Ces importations font pourtant l’objet d’un embargo, décrété par le Conseil de sécurité. Mais cela n’empêche pas le contingent kényan de l’Amisom de profiter à plein de ce trafic. Les experts de l’ONU rapportent ainsi, photos à l’appui, la présence d’une base militaire jouxtant un tas de charbon illégal à Buur Gaabo. Mais les soldats font mieux que fermer les yeux. « Les troupes kényanes perçoivent 2 dollars par sac de charbon au port de Kismaayo », estime le rapport. Un pactole évalué à plusieurs millions de dollars par an.

Les preuves avancées par l’ONU ont été balayées d’un revers de main par le gouvernement kényan, qui a qualifié dimanche par la voix de son porte-parole le rapport de l’ONU de « foutaise » et de « mascarade » ayant « comme seul agenda de démoraliser les troupes kényanes ».

Les Kényans ne sont certes pas les seuls bénéficiaires de ce trafic.
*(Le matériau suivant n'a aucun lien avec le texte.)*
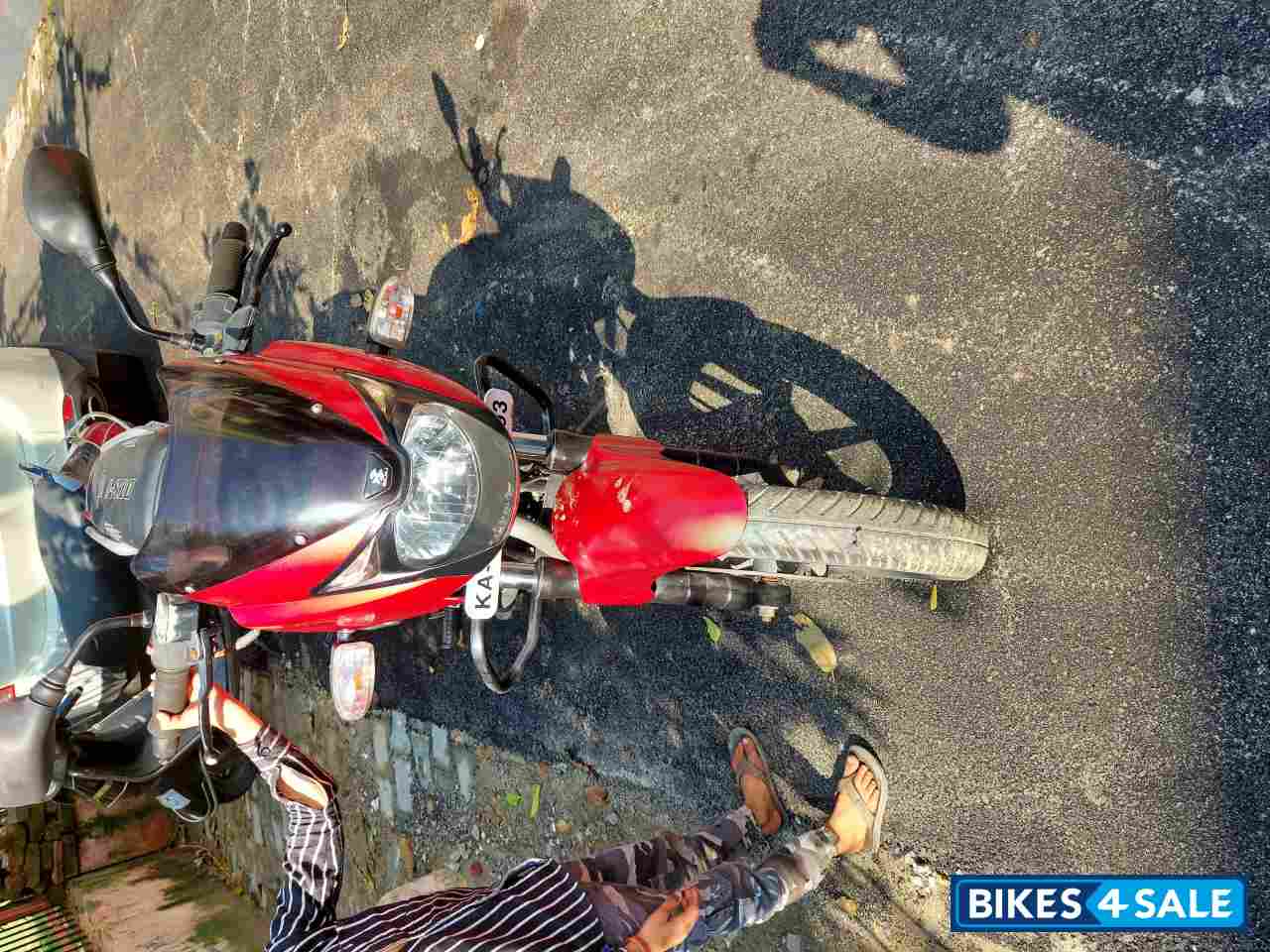 Red Bajaj Pulsar 180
L’administration locale du Jubbaland, dont Kismaayo est la capitale, profite aussi à plein du commerce de charbon, prélevant sa propre taxe sur les sacs de combustible à destination des Emirats. « La bonne marche des exportations de charbon de bois en Somalie repose sur une alliance entre l’administration provisoire [du Jubbaland] et les milieux d’affaires locaux », rappelle le rapport.

Mais les affaires sont moroses. « Les Émirats arabes unis ayant renforcé l’application de l’embargo sur le charbon de bois, les exportateurs de charbon hésitent depuis mai 2016 à charger des boutres à Kismayo et Buur Gaabo. » Le gouvernement du Jubbaland a par ailleurs cessé de verser une part des revenus des exportations de charbon aux Chabab, provoquant la colère de ces derniers.

Trafic de sucre

Face à cette chute de profits, les djihadistes diversifient de plus en plus leurs sources de financement. « Les Chabab recourent de plus en plus au prélèvement de taxes sur le commerce illicite du sucre, la production agricole et le bétail », note ainsi le rapport. Le trafic de milliers de sacs de sucre importés en contrebande leur rapporterait jusqu’à 16 millions d’euros par an, contre 8,5 millions pour les produits agricoles.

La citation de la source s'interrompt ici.